(Task input begins)

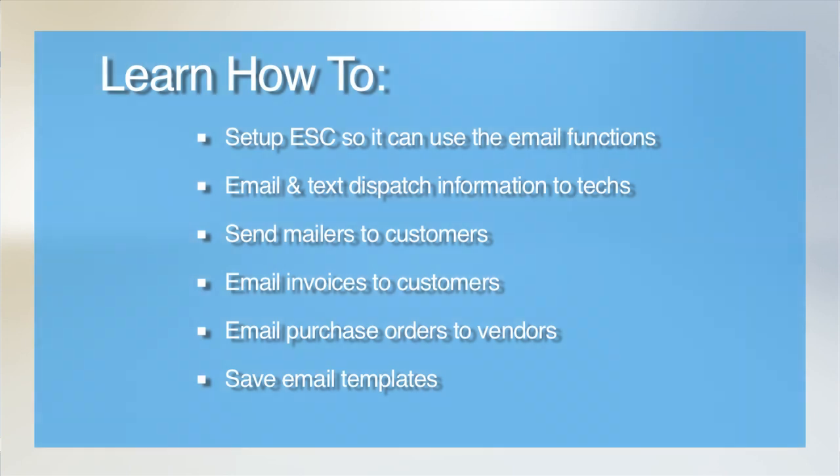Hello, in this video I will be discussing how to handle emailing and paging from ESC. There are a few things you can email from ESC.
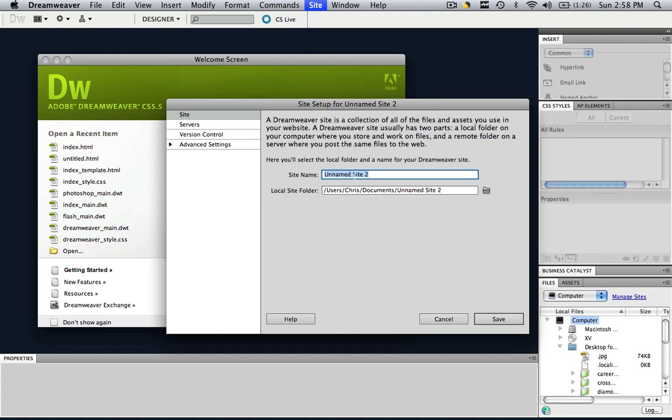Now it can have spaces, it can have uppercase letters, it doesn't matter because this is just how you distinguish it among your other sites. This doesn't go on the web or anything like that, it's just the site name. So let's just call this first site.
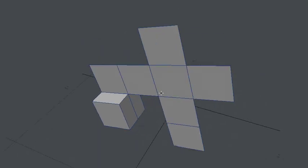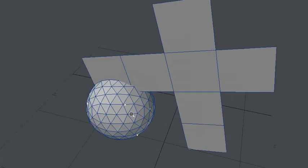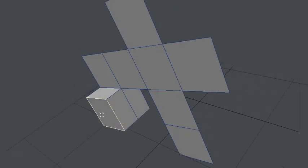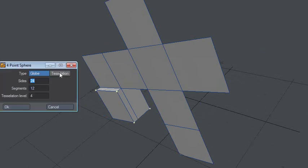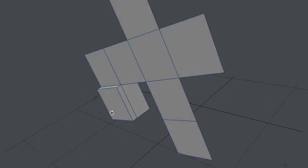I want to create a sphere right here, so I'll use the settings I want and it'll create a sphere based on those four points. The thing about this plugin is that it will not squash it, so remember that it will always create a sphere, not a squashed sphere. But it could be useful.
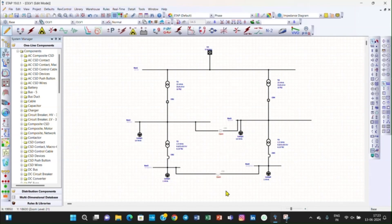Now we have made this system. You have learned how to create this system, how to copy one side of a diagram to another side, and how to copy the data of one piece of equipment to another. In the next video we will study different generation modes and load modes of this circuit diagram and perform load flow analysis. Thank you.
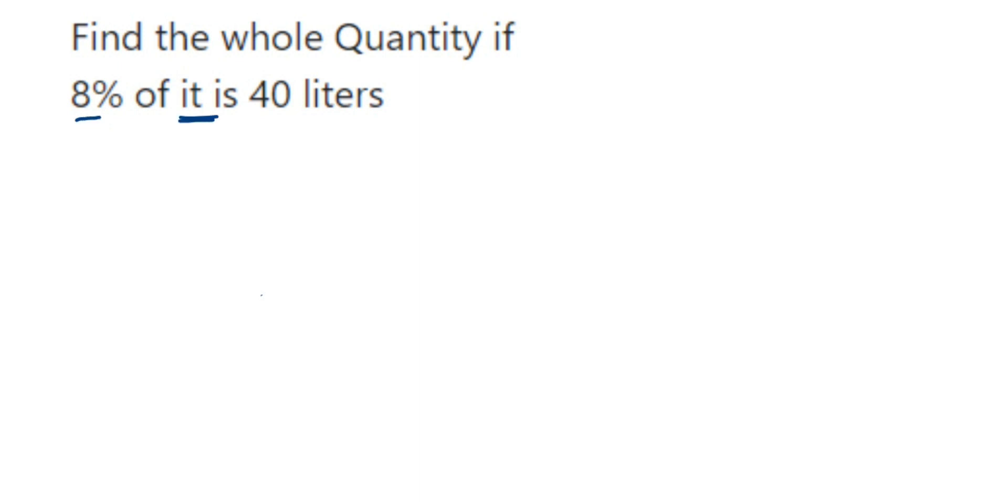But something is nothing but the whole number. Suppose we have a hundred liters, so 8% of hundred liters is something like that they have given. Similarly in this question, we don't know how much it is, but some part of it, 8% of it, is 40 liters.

(Task input ends)
(Task input begins)

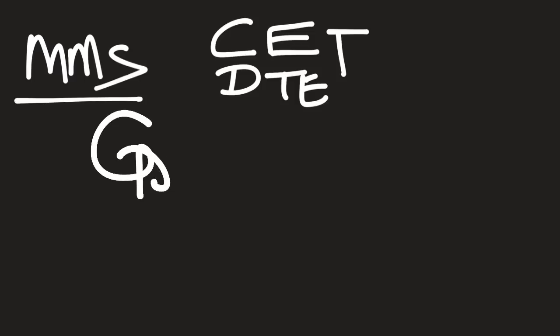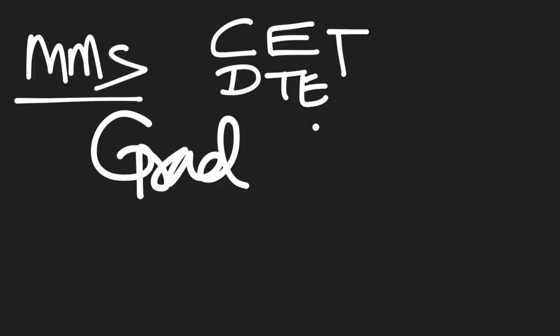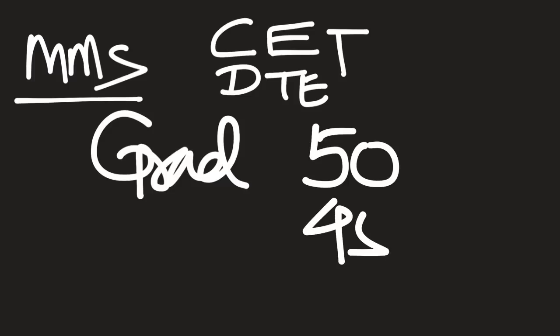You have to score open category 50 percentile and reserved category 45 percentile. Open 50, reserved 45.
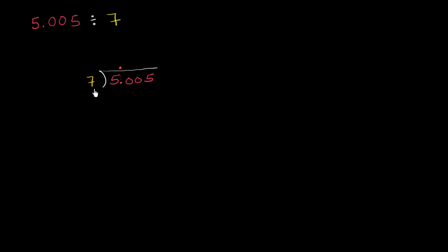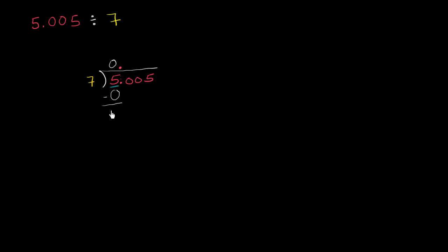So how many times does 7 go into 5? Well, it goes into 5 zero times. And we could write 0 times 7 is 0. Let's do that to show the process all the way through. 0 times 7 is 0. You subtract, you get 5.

(Task input ends)

Exercise brief: In the entries above, find the line that contains "You have to" and the line that contains "So how many". Reproduce exactly those two lines and every line between them, but not the pictures.

Result of this task:
You have to score open category 50 percentile and reserved category 45 percentile. Open 50, reserved 45.
So how many times does 7 go into 5? Well, it goes into 5 zero times. And we could write 0 times 7 is 0. Let's do that to show the process all the way through. 0 times 7 is 0. You subtract, you get 5.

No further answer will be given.